Verity no estaba en absoluto interesada en Caroline. Se metió un tercer bollo en la boca y volvió a centrar la conversación en Alba.

– ¿No crees que al capitán le entristecerá un poco la boda de su hija? A fin de cuentas, siempre me has dicho que, de todos sus hijos, Alba es para él la más especial.

– Eso creo, aunque no porque haya dicho nunca nada. Se lo he visto en la mirada. Mi Ernie siempre decía que tengo la intuición de una bruja. Alba es capaz de herir al señor Arbuckle como nadie. Se me parte el corazón cuando le veo sufrir por culpa de la malicia de esa chica. Él le da todo lo que ella quiere, todo. La chiquilla no ha trabajado un solo día de su vida, y todo gracias a la generosidad del capitán. Aun así, hace unos días ocurrió algo muy extraño. -Vaciló. Se había jurado no decírselo a Verity, consciente como era de que la noticia no tardaría en circular por el pueblo incluso antes de que el viejo buitre hubiera tenido tiempo para digerirla. Sin embargo, el peso de la información era demasiado para cargar sola con él. La boca de Verity dejó de masticar de pronto y se sentó muy tiesa. La cocinera lamentó haber empezado a hablar. Aunque sólo le contaría a Verity los fragmentos más jugosos, se dijo-. Llegó una carta de Alba.

– ¿Una carta?

– Dirigida al capitán. Reconocí su letra y el matasellos italiano.

Verity se ayudó a tragarse el bollo con un sorbo de té.

– Bueno, pues el capitán se fue al estudio a leerla. Yo estaba ocupada con el armario de las bebidas, de modo que pude verle la cara mientras la leía. La carta era larga, páginas y mas páginas escritas con su letra grande y descuidada. No me costó tampoco ver a contra luz que la carta estaba llena de tachaduras.

– ¿En ese caso estarías muy cerca del capitán?

– Mucho. Estaba tan absorto en el contenido de la carta que ni siquiera se dio cuenta de mi presencia.

– ¿Y qué decía la carta?

La cocinera suspiró y se encogió de hombros.
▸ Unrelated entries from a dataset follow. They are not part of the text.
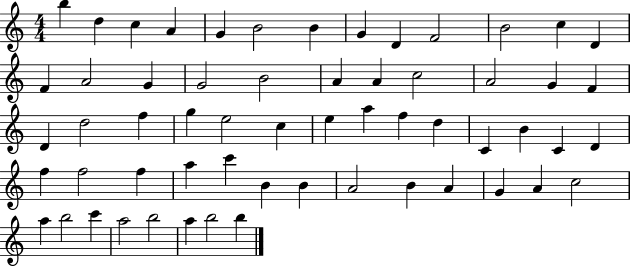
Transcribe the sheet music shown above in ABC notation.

X:1
T:Untitled
M:4/4
L:1/4
K:C
b d c A G B2 B G D F2 B2 c D F A2 G G2 B2 A A c2 A2 G F D d2 f g e2 c e a f d C B C D f f2 f a c' B B A2 B A G A c2 a b2 c' a2 b2 a b2 b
– No lo sé. Lo único que sé es que cuando terminó de leerla, estaba transformado.

Verity pareció desconcertada.

– ¿En qué sentido?

– Bueno, parecía más joven.

– ¿Más joven?

– Sí. Y más feliz. Ya no tenía esas ojeras oscuras. Si quieres saber lo que pienso, te diré que hubo algo en esa carta que le devolvió la juventud.

– Vamos, Edith, no exageres.

– No exagero. Fue muy curioso. Como si por fin se hubiera quitado un gran peso de encima. Algo pesado y triste. Como si hubiera desaparecido.

– ¿Y qué pasó entonces?

– Se quedó allí sentado, frotándose el mentón y mirando fijamente el retrato de su padre que cuelga de la pared.

– ¿De su padre?

– Sí, el del anciano señor Arbuckle. No sé en qué podía estar pensando, pero se quedó ahí sentado un buen rato, pensando.
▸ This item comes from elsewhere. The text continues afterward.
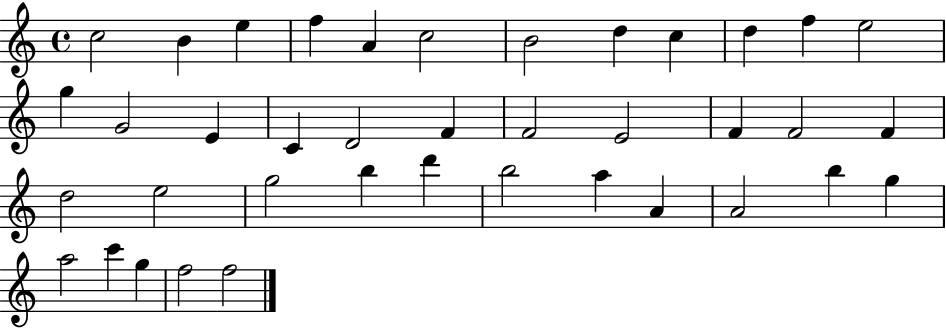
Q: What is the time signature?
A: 4/4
– ¿Qué crees tú que decía la carta? -preguntó Verity, llevándose la taza de té a los labios con un sonoro sorbido.

– Bueno, oí hablar al señor y a la señora Arbuckle en el salón poco después. Yo estaba en la sala, preparando las cosas para la cena. Cuando están solos, a menudo les gusta comer allí, en la mesa del refectorio.

– Ya, ya, pero ¿qué decían?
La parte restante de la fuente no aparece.